Первая часть задела ее больше всего, потому что это была неправда, но она понимала, что Рори ревнует ее к отцу.
– Это не так, – ответила она.
Когда она рассказала об этом Лайле, сестра сказала ей, чтобы она не обращала внимания на Рори. Ему было горько, потому что он был маминым любимчиком, а теперь ее не стало.
Она заметила, как именно Лайла это сказала.
– А чья ты любимица? – спросила она Лайлу, заплетавшую косу.
– Ничья, – ответила Лайла после минутного раздумья.
– Тогда ты будешь моей любимицей. А Хетти может быть твоей, а Гарет – любимцем Хетти, так что все будет по справедливости.
Она испытала радость, приняв это решение. Это напомнило ей весы, которыми пользовался секретарь хозяина в день сбора податей, только она представляла себе не две чаши, а пять. Лайла, Рори, Хетти, Гарет и она. Все они представляли идеальный баланс вместе с тем, кто любит их.
– Ах ты глупышка, – сказала Лиля с улыбкой в голосе и перевязала косу. – Ты не можешь сделать так, чтобы все было по справедливости.
Приближался день сбора податей. Погреба были вырыты, заполнены припасами и спрятаны. Мужчины спорили о том, сколько можно отложить и безопасно припрятать. Погреб папы оказался самым большим из всех, и он поклялся на могиле своей жены, что ни один его ребенок не будет голодать этой зимой. Мальчики упражнялись в поклонах, девочки – в реверансах, а папа на всякий случай проверял, хорошо ли они знают Мольбы наизусть. Раньше этим занималась мама, и папе это очень не нравилось. В этом году эта обязанность перешла к нему, и он заставлял детей зубрить Мольбы до тех пор, пока дети не выучили все строчки наизусть. Мама всегда уверяла их, что эти знания никогда не понадобятся, но папа не дал им такого обещания. Вместо этого он добавил свои собственные детали к этому уроку:
– Они смотрят, как мы преклоняем колени, видят наши затылки и думают, что мы сдались. Они не понимают, что на коленях можно думать так же ясно, как и стоя с поднятой головой.
Они тренировались перед домом. Дверь в потайной погреб была скрыта камышом в трех метрах от них. Дети стояли на коленях, а отец стоял перед ними, изображая их господина. До этого момента дети постоянно хихикали, видя, как Хетти и Гарет толкают друг друга в бок, стараясь при этом сохранять невозмутимость. Но после последних слов папы все проказы прекратились. Они почувствовали, как серьезность происходящего буквально пригвоздила их к земле.
– Рори, – спросил папа у своего стоящего на коленях сына, – о чем ты думаешь?
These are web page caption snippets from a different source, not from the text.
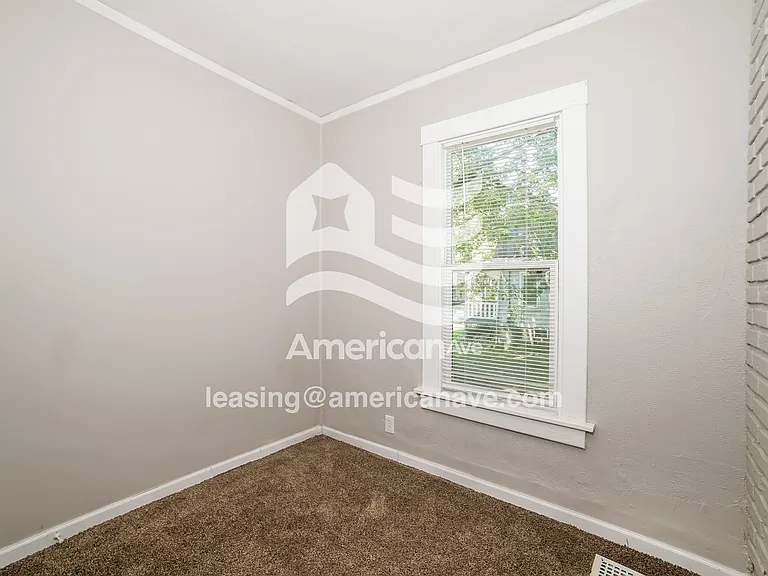 1761250_011_wm_-_bedroom_12929013.jpg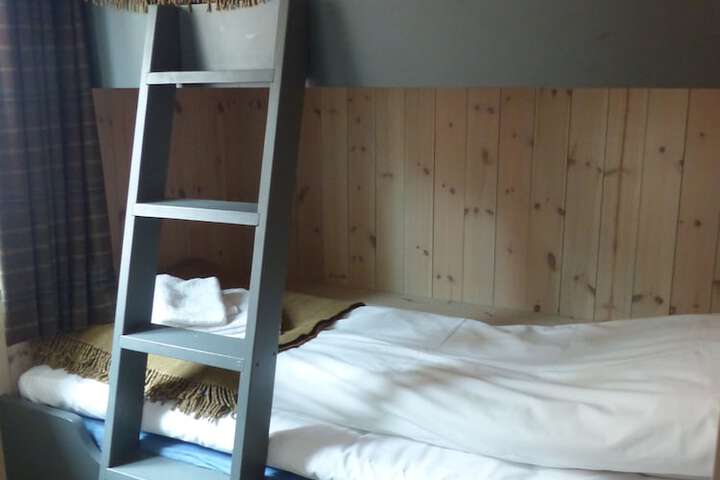 Room 7 of 142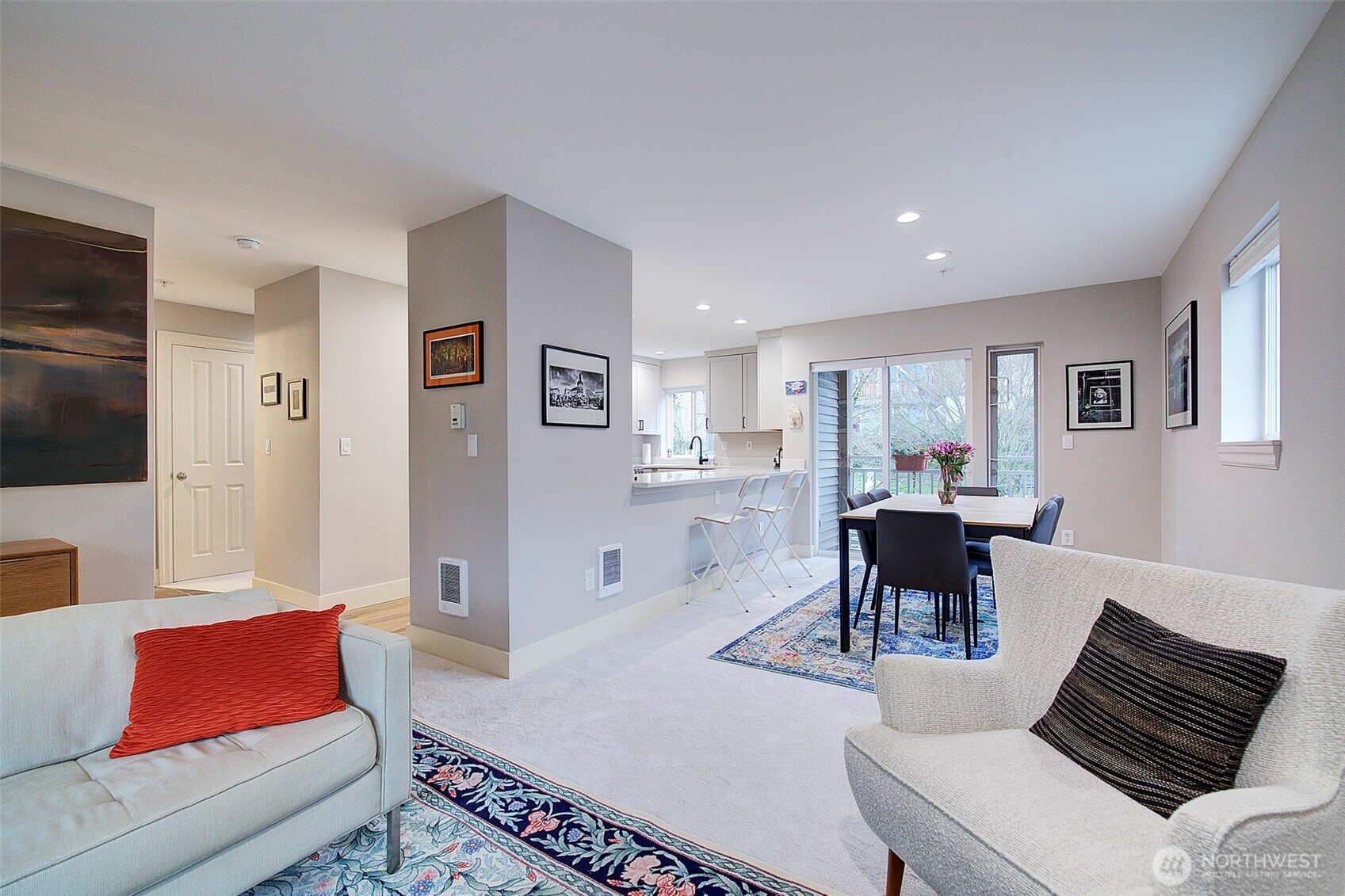 215 20th Avenue E #307, Seattle, WA 98112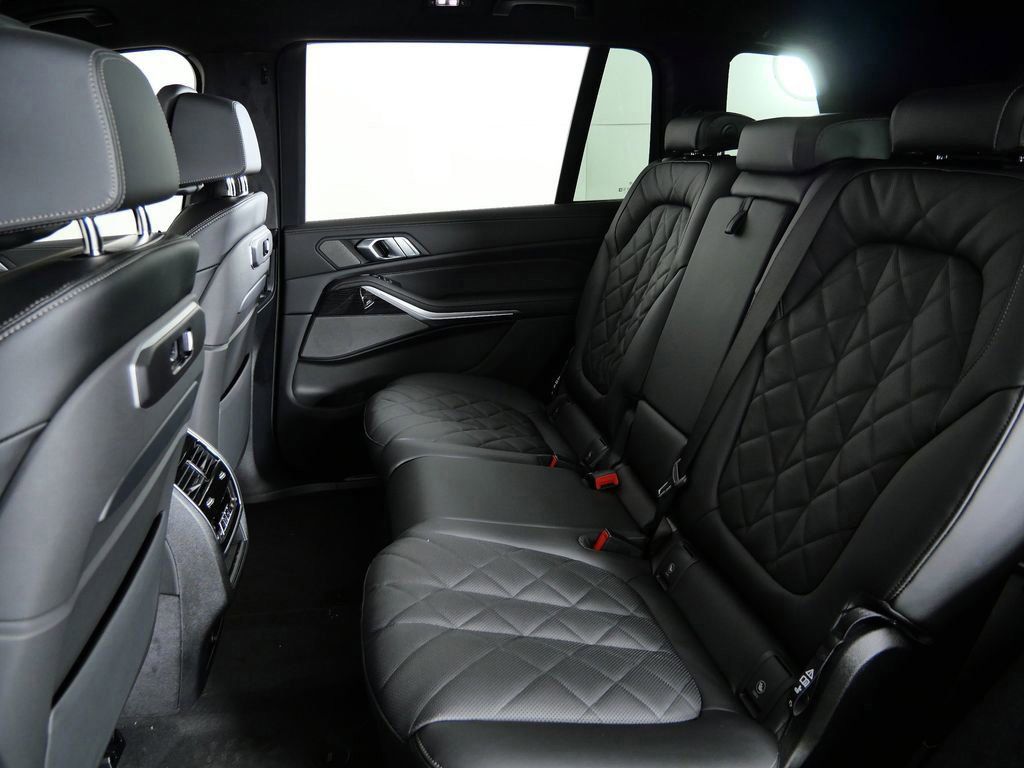Thumbnail: 2026 BMW X7 - 36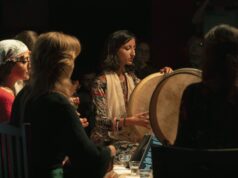 Naïma Ababsa, Grande Dame du Chaâbi Algérien : Un Hommage Retrospectif Naïma Ababsa en concert, artiste de chaabi algérien célèbre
– Я думаю о зерне, которое мы спрятали и о котором не знает мой господин, не знает, что мы спрятали его в безопасности, – ответил Рори, уставившись в землю.
Папа двинулся дальше, задавая тот же вопрос каждому ребенку.
Когда он спросил Антигону, она ответила:
– Я не показываю то, о чем думаю и что чувствую.
Она не поднимала глаз от земли и не могла видеть выражения лица своего отца.
– Хорошо, – сказал он.
В день поборов папа и Рори потащили телегу, груженную зерном и другими подношениями, по тропинке в центр деревенской площади. Лайла несла корзинку с хлебом, а младшие дети замыкали шествие. Дракон уже сидел на своем насесте, отбрасывая огромную тень: это был огромный грозовик с красными кончиками крыльев и алым гребнем. Лайла сказала им, что смотреть на дракона – плохая примета, но когда сестра отвернулась, она рискнула поднять взгляд на огромного грозовика и увидела, что он в ответ, прищурившись, смотрит на нее. Она почувствовала, как страх волнами накатывает на нее, но в то же время здесь было что-то еще. Волнение.
Когти, крылья, сверкающая чешуя делали его самым красивым животным, которое она когда-либо видела.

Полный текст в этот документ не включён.